=== Data shown ===

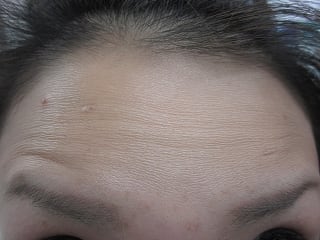 額、眉間、顎の表情ジワの注射前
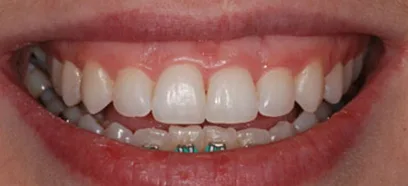 Before treatment at Queensway Dental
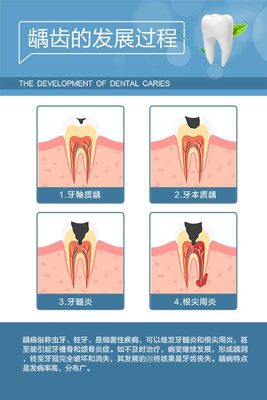牙齿龋齿的发展过程示意图解展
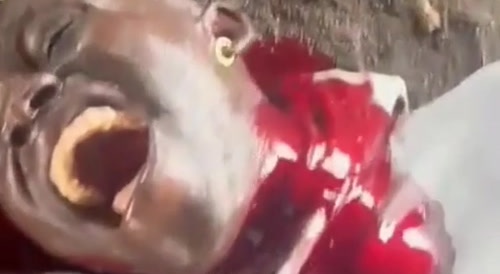 Man Chokes On His Own Blood In Haiti.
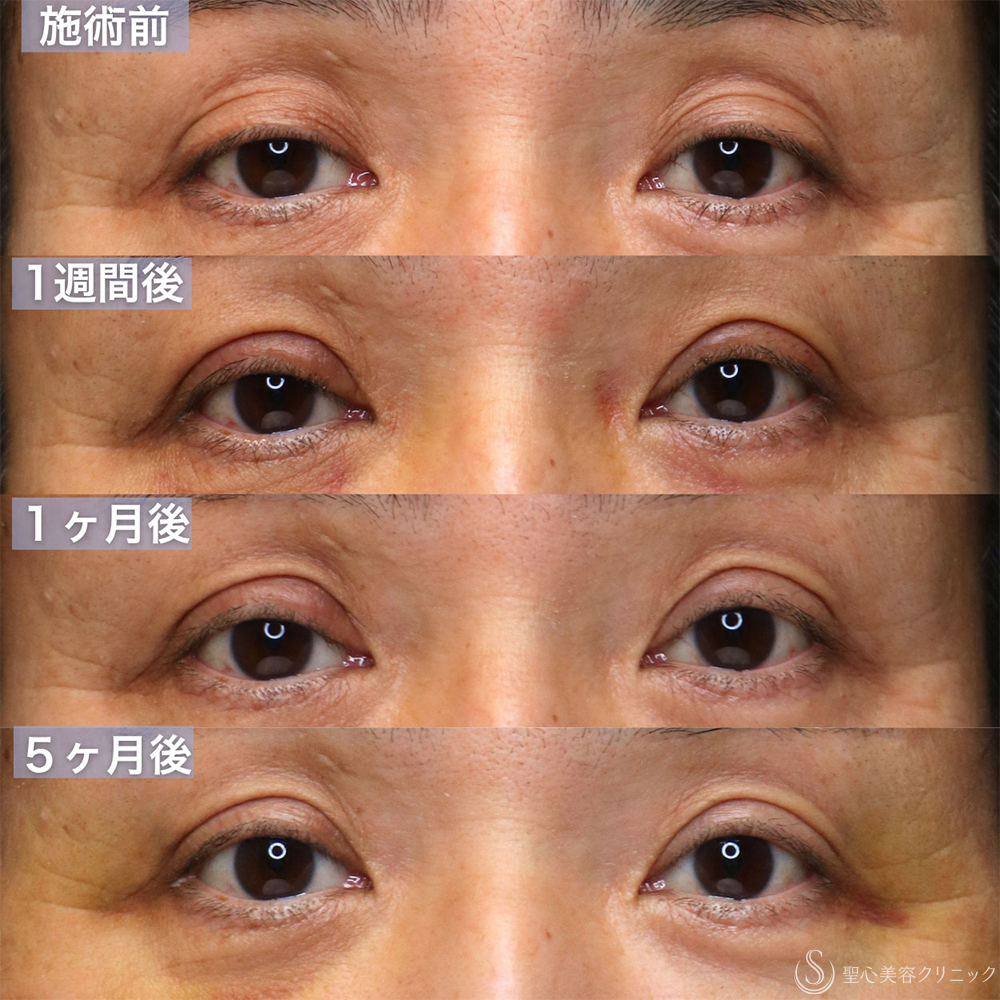 【60代男性・窪み目、目の開きを改善する】眼瞼下垂 腱膜縫縮法＋額ボトックス（5ヶ月後） After 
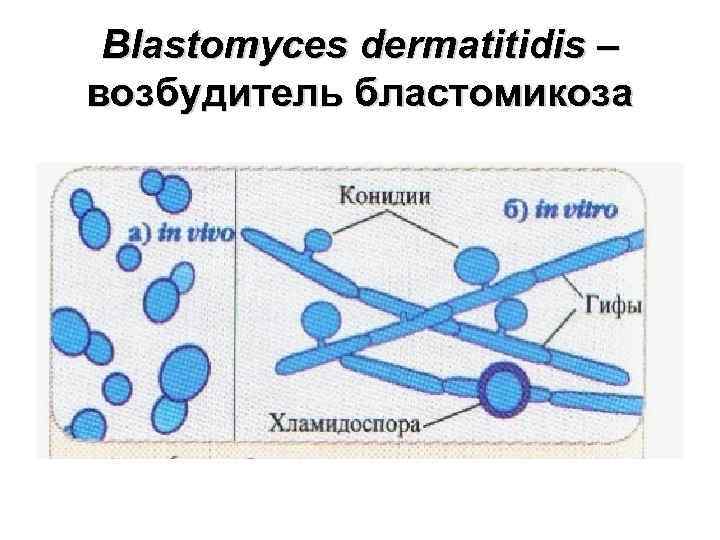 Blastomyces dermatitidis – возбудитель бластомикоза 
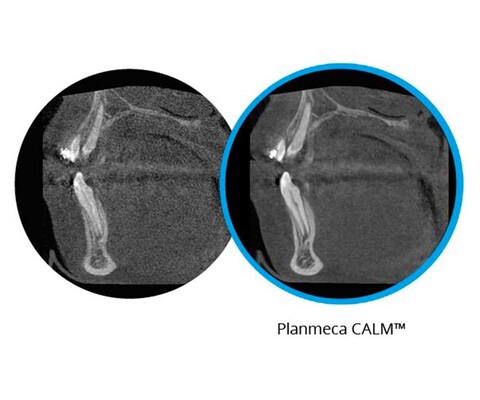 Planmeca ProMax 3D Mid - 3D-Bildgebung mit Korrektur von Patientenbewegungen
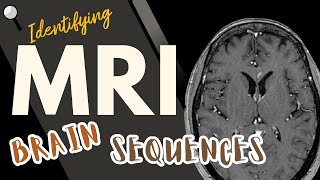 Identifying MRI Brain Sequences [upl. by Nicolella]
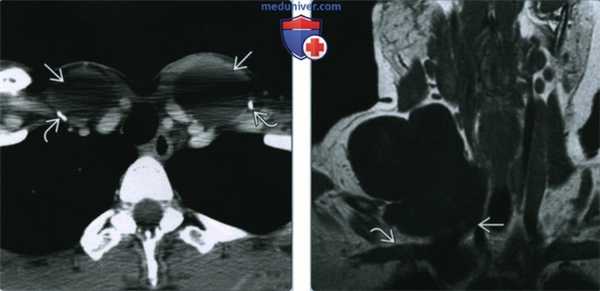 Лимфоцеле шеи - лучевая диагностика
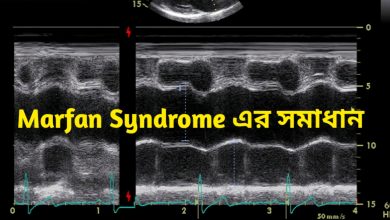 Marfan Syndrome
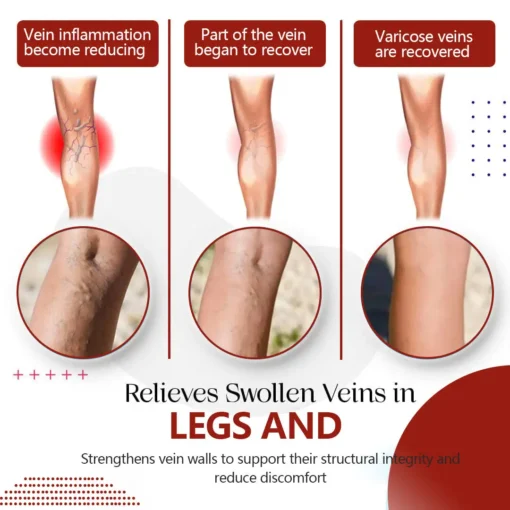 NESLEMY™Varicose Vein Relief Cream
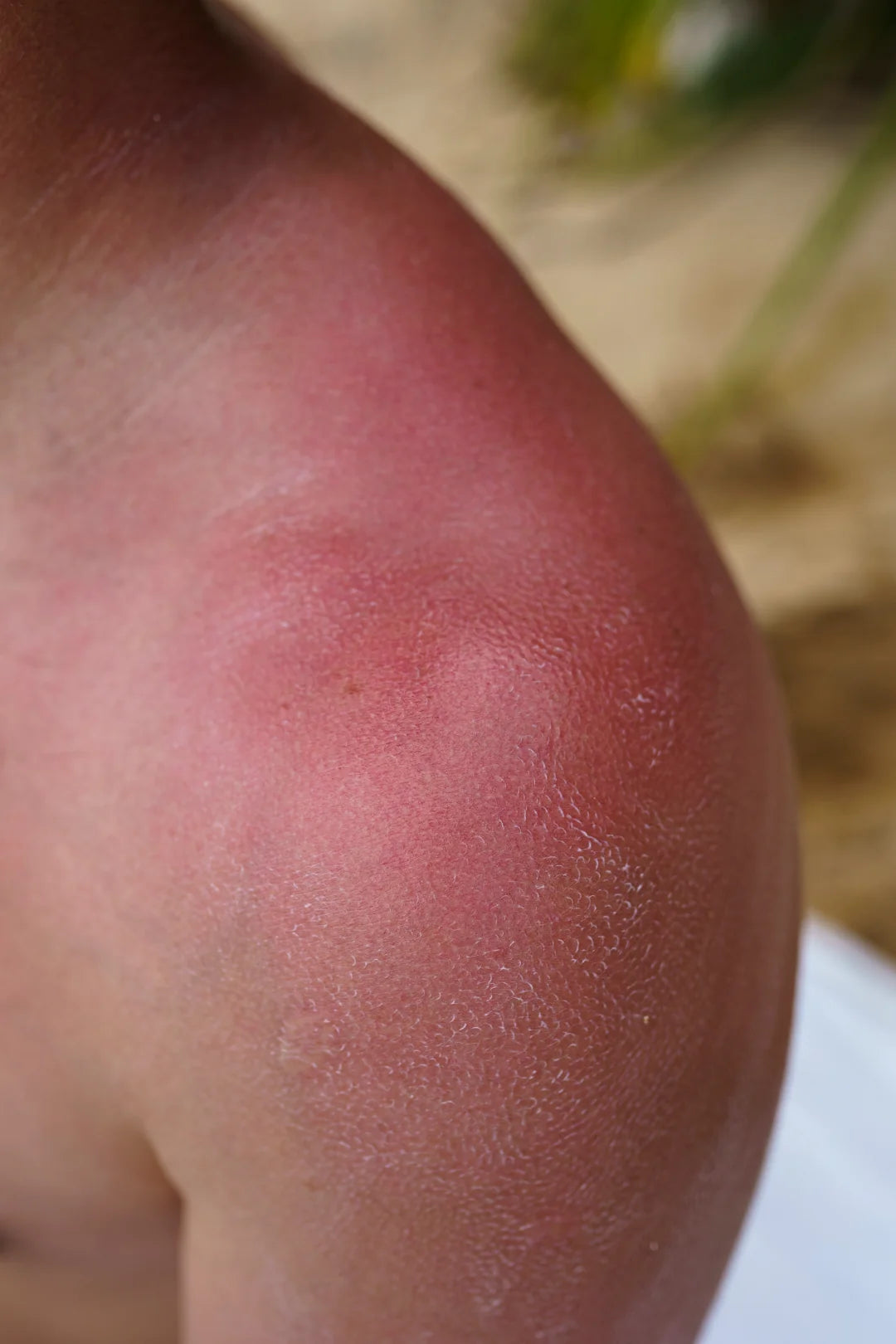 Sunburn on deeper skin tones after sun exposure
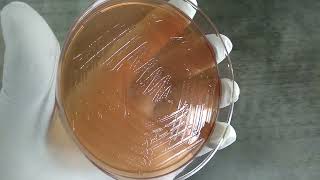 Vibrio cholerae colony morphology on Macconkey agar Demonstration [upl. by Thorstein]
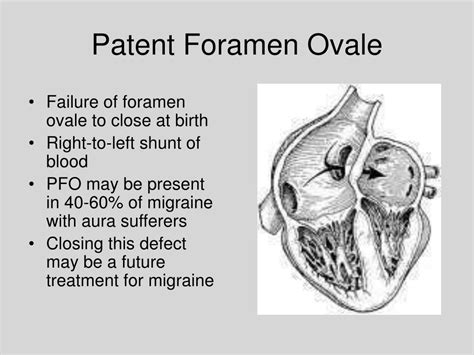 Ppt Migraine Prophylaxis In Patients With Patent Foramen Ovale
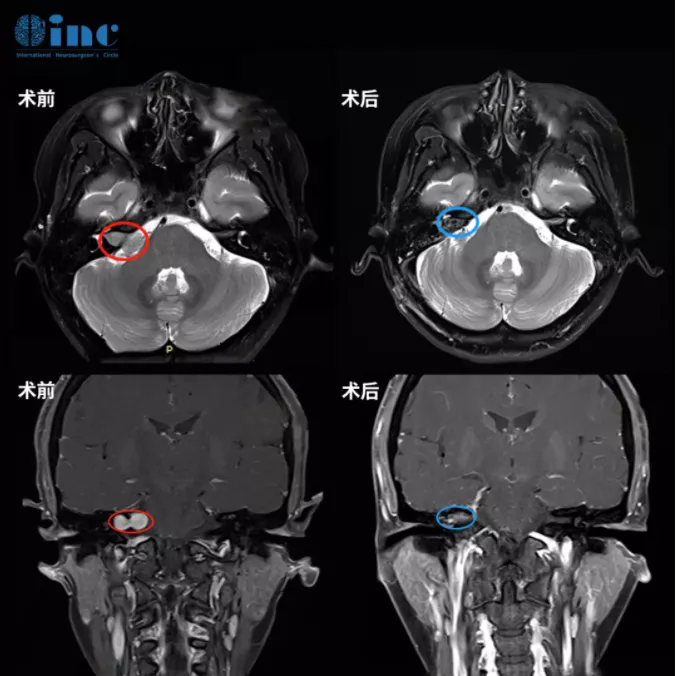 大型听神经瘤治疗必须开颅手术吗？一次性高质量手术全切后不面瘫，预后佳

===

What is needed >> When you copy the entries above, keep every word exactly and omit the images.

Task result >>
 額、眉間、顎の表情ジワの注射前
 Before treatment at Queensway Dental
牙齿龋齿的发展过程示意图解展
 Man Chokes On His Own Blood In Haiti.
 【60代男性・窪み目、目の開きを改善する】眼瞼下垂 腱膜縫縮法＋額ボトックス（5ヶ月後） After 
 Blastomyces dermatitidis – возбудитель бластомикоза 
 Planmeca ProMax 3D Mid - 3D-Bildgebung mit Korrektur von Patientenbewegungen
 Identifying MRI Brain Sequences [upl. by Nicolella]
 Лимфоцеле шеи - лучевая диагностика
 Marfan Syndrome
 NESLEMY™Varicose Vein Relief Cream
 Sunburn on deeper skin tones after sun exposure
 Vibrio cholerae colony morphology on Macconkey agar Demonstration [upl. by Thorstein]
 Ppt Migraine Prophylaxis In Patients With Patent Foramen Ovale
 大型听神经瘤治疗必须开颅手术吗？一次性高质量手术全切后不面瘫，预后佳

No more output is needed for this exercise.